More on the birth/grow/born connection; there's a painting in the Museo Nazionale di Spina, Ferrara, Italy depicting "THE BIRTH OF DIONYSOS": Ancient Greek Art: Birth of Dionysus
The caption to this image reads:


> Dionysos is depicted in this painting newly born from the thigh of Zeus. The king of the gods holds a thyrsos (a pine-cone tipped staff), one of the usual attributes of Dionysos, and sits on a stool spread with a deer skin. His infant son holds a vine-branch in one hand and a wine cup in the other, indicating his destined role as the god of wine. The goddesses Aphrodite and *Eileithyia* stand on either side, Aphrodite holding a pair of flower blooms, and Eileithyia, the *goddess of childbirth*, raising her hand to release the child.


So indeed we have one Eileithyia (which sounds particularly similar to Eleutheria) as goddess  of childbirth.


----------



## sotos

Concurrent to the meanings of "birth" and "freedom" is the (subconscious)  "coming, arrival" (έλευσις).

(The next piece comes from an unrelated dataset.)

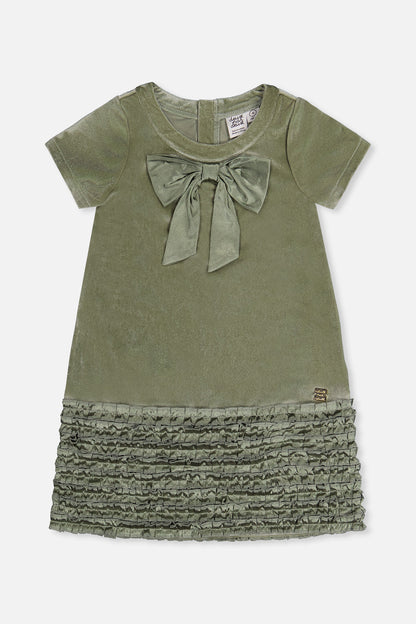 Short Sleeve A Line Dress With Bow Greyish Green-0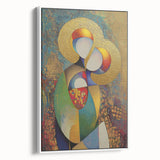 Framed abstract figurative canvas art with a white border, showcasing vibrant colors and dynamic shapes, perfect for contemporary home decor. Ideal for adding a unique artistic touch to living spaces.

The coming of a new man in the society, either as a newborn or as a free man. 
Notice the persistence of those meaning in the person of the Οrthodox Saint Eleutherios, the protector of pregnant women, in folk belief.


----------



## Αγγελος

λευτερώνομαι (<ελευθεροῦμαι) means i.a. "to give birth" in Modern Greek, just as "delivery" (ultimately from Latin "liber") also means the act of giving birth in English.


----------